■ YOUR TASK
Using the listing below, return each line exactly as it reads.

■ RECORDED DATA
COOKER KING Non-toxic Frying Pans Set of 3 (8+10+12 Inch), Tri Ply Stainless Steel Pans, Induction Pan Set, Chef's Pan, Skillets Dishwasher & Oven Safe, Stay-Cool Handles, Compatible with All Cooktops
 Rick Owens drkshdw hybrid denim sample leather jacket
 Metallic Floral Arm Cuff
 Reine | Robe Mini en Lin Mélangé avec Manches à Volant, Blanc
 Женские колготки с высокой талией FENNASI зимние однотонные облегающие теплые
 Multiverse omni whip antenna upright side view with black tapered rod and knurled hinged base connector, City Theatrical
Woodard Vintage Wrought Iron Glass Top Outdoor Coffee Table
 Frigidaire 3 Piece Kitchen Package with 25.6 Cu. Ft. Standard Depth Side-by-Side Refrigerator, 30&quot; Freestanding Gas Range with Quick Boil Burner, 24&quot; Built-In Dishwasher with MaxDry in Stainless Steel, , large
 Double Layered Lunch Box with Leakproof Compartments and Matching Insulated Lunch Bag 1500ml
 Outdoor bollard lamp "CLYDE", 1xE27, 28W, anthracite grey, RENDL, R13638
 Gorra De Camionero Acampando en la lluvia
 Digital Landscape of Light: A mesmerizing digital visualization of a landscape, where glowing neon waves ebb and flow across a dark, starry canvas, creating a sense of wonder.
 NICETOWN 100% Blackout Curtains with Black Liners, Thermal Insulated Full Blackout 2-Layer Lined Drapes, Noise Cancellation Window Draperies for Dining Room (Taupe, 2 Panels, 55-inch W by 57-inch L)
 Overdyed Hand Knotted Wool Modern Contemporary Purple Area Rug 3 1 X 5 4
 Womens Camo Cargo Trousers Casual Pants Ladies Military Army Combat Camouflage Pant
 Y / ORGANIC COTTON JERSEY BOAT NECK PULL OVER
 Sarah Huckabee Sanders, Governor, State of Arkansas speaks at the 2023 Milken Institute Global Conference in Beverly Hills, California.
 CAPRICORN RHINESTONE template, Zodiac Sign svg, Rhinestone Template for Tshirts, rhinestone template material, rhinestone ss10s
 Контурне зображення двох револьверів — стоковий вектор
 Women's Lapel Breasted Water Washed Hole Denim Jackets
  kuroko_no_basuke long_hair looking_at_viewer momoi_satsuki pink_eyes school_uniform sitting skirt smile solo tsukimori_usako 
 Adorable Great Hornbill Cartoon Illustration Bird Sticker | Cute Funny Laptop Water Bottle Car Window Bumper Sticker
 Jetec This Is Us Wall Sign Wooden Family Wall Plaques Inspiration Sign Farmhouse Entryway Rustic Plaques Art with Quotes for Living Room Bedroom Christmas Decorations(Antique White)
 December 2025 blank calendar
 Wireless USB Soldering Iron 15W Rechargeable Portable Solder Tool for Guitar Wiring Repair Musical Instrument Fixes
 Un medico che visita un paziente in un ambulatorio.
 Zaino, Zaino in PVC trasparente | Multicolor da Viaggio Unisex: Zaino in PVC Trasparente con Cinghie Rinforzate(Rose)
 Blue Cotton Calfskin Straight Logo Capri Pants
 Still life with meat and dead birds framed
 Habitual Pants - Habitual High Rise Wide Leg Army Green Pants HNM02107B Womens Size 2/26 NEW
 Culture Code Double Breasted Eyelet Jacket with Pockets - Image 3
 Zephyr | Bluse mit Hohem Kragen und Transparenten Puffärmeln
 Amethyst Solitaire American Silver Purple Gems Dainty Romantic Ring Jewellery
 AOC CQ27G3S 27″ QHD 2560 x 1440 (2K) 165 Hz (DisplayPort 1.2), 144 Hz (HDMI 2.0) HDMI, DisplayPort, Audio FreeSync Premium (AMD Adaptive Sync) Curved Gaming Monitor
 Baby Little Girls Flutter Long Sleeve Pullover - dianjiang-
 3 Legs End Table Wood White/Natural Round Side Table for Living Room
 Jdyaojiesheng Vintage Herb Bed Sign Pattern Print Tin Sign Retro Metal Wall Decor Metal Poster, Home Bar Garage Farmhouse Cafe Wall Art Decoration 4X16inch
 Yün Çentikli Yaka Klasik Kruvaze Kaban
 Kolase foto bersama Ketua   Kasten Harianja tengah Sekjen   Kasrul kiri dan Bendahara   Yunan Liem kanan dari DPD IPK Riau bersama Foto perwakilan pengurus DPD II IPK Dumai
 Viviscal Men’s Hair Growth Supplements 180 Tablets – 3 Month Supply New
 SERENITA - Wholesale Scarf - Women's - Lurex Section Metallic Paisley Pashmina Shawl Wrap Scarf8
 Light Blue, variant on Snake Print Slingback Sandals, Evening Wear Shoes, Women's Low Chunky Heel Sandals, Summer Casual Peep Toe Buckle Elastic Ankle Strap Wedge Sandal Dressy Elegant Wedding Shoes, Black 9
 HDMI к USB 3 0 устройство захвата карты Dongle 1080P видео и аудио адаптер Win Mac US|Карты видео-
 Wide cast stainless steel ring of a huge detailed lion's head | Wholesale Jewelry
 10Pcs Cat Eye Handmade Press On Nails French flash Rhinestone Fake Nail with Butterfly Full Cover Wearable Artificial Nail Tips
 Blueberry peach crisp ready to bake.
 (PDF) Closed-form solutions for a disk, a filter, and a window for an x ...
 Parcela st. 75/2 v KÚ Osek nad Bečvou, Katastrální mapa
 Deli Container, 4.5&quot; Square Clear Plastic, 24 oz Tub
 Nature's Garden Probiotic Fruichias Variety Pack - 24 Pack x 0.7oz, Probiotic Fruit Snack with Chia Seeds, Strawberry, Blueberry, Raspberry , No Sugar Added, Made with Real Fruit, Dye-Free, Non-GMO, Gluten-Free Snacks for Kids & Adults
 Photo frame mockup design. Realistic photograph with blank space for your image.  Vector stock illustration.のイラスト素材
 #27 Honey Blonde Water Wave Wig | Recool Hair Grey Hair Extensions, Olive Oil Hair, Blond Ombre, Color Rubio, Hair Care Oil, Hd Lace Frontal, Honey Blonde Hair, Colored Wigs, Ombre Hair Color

■ ANSWER FOR THIS EXERCISE
COOKER KING Non-toxic Frying Pans Set of 3 (8+10+12 Inch), Tri Ply Stainless Steel Pans, Induction Pan Set, Chef's Pan, Skillets Dishwasher & Oven Safe, Stay-Cool Handles, Compatible with All Cooktops
 Rick Owens drkshdw hybrid denim sample leather jacket
 Metallic Floral Arm Cuff
 Reine | Robe Mini en Lin Mélangé avec Manches à Volant, Blanc
 Женские колготки с высокой талией FENNASI зимние однотонные облегающие теплые
 Multiverse omni whip antenna upright side view with black tapered rod and knurled hinged base connector, City Theatrical
Woodard Vintage Wrought Iron Glass Top Outdoor Coffee Table
 Frigidaire 3 Piece Kitchen Package with 25.6 Cu. Ft. Standard Depth Side-by-Side Refrigerator, 30&quot; Freestanding Gas Range with Quick Boil Burner, 24&quot; Built-In Dishwasher with MaxDry in Stainless Steel, , large
 Double Layered Lunch Box with Leakproof Compartments and Matching Insulated Lunch Bag 1500ml
 Outdoor bollard lamp "CLYDE", 1xE27, 28W, anthracite grey, RENDL, R13638
 Gorra De Camionero Acampando en la lluvia
 Digital Landscape of Light: A mesmerizing digital visualization of a landscape, where glowing neon waves ebb and flow across a dark, starry canvas, creating a sense of wonder.
 NICETOWN 100% Blackout Curtains with Black Liners, Thermal Insulated Full Blackout 2-Layer Lined Drapes, Noise Cancellation Window Draperies for Dining Room (Taupe, 2 Panels, 55-inch W by 57-inch L)
 Overdyed Hand Knotted Wool Modern Contemporary Purple Area Rug 3 1 X 5 4
 Womens Camo Cargo Trousers Casual Pants Ladies Military Army Combat Camouflage Pant
 Y / ORGANIC COTTON JERSEY BOAT NECK PULL OVER
 Sarah Huckabee Sanders, Governor, State of Arkansas speaks at the 2023 Milken Institute Global Conference in Beverly Hills, California.
 CAPRICORN RHINESTONE template, Zodiac Sign svg, Rhinestone Template for Tshirts, rhinestone template material, rhinestone ss10s
 Контурне зображення двох револьверів — стоковий вектор
 Women's Lapel Breasted Water Washed Hole Denim Jackets
  kuroko_no_basuke long_hair looking_at_viewer momoi_satsuki pink_eyes school_uniform sitting skirt smile solo tsukimori_usako 
 Adorable Great Hornbill Cartoon Illustration Bird Sticker | Cute Funny Laptop Water Bottle Car Window Bumper Sticker
 Jetec This Is Us Wall Sign Wooden Family Wall Plaques Inspiration Sign Farmhouse Entryway Rustic Plaques Art with Quotes for Living Room Bedroom Christmas Decorations(Antique White)
 December 2025 blank calendar
 Wireless USB Soldering Iron 15W Rechargeable Portable Solder Tool for Guitar Wiring Repair Musical Instrument Fixes
 Un medico che visita un paziente in un ambulatorio.
 Zaino, Zaino in PVC trasparente | Multicolor da Viaggio Unisex: Zaino in PVC Trasparente con Cinghie Rinforzate(Rose)
 Blue Cotton Calfskin Straight Logo Capri Pants
 Still life with meat and dead birds framed
 Habitual Pants - Habitual High Rise Wide Leg Army Green Pants HNM02107B Womens Size 2/26 NEW
 Culture Code Double Breasted Eyelet Jacket with Pockets - Image 3
 Zephyr | Bluse mit Hohem Kragen und Transparenten Puffärmeln
 Amethyst Solitaire American Silver Purple Gems Dainty Romantic Ring Jewellery
 AOC CQ27G3S 27″ QHD 2560 x 1440 (2K) 165 Hz (DisplayPort 1.2), 144 Hz (HDMI 2.0) HDMI, DisplayPort, Audio FreeSync Premium (AMD Adaptive Sync) Curved Gaming Monitor
 Baby Little Girls Flutter Long Sleeve Pullover - dianjiang-
 3 Legs End Table Wood White/Natural Round Side Table for Living Room
 Jdyaojiesheng Vintage Herb Bed Sign Pattern Print Tin Sign Retro Metal Wall Decor Metal Poster, Home Bar Garage Farmhouse Cafe Wall Art Decoration 4X16inch
 Yün Çentikli Yaka Klasik Kruvaze Kaban
 Kolase foto bersama Ketua   Kasten Harianja tengah Sekjen   Kasrul kiri dan Bendahara   Yunan Liem kanan dari DPD IPK Riau bersama Foto perwakilan pengurus DPD II IPK Dumai
 Viviscal Men’s Hair Growth Supplements 180 Tablets – 3 Month Supply New
 SERENITA - Wholesale Scarf - Women's - Lurex Section Metallic Paisley Pashmina Shawl Wrap Scarf8
 Light Blue, variant on Snake Print Slingback Sandals, Evening Wear Shoes, Women's Low Chunky Heel Sandals, Summer Casual Peep Toe Buckle Elastic Ankle Strap Wedge Sandal Dressy Elegant Wedding Shoes, Black 9
 HDMI к USB 3 0 устройство захвата карты Dongle 1080P видео и аудио адаптер Win Mac US|Карты видео-
 Wide cast stainless steel ring of a huge detailed lion's head | Wholesale Jewelry
 10Pcs Cat Eye Handmade Press On Nails French flash Rhinestone Fake Nail with Butterfly Full Cover Wearable Artificial Nail Tips
 Blueberry peach crisp ready to bake.
 (PDF) Closed-form solutions for a disk, a filter, and a window for an x ...
 Parcela st. 75/2 v KÚ Osek nad Bečvou, Katastrální mapa
 Deli Container, 4.5&quot; Square Clear Plastic, 24 oz Tub
 Nature's Garden Probiotic Fruichias Variety Pack - 24 Pack x 0.7oz, Probiotic Fruit Snack with Chia Seeds, Strawberry, Blueberry, Raspberry , No Sugar Added, Made with Real Fruit, Dye-Free, Non-GMO, Gluten-Free Snacks for Kids & Adults
 Photo frame mockup design. Realistic photograph with blank space for your image.  Vector stock illustration.のイラスト素材
 #27 Honey Blonde Water Wave Wig | Recool Hair Grey Hair Extensions, Olive Oil Hair, Blond Ombre, Color Rubio, Hair Care Oil, Hd Lace Frontal, Honey Blonde Hair, Colored Wigs, Ombre Hair Color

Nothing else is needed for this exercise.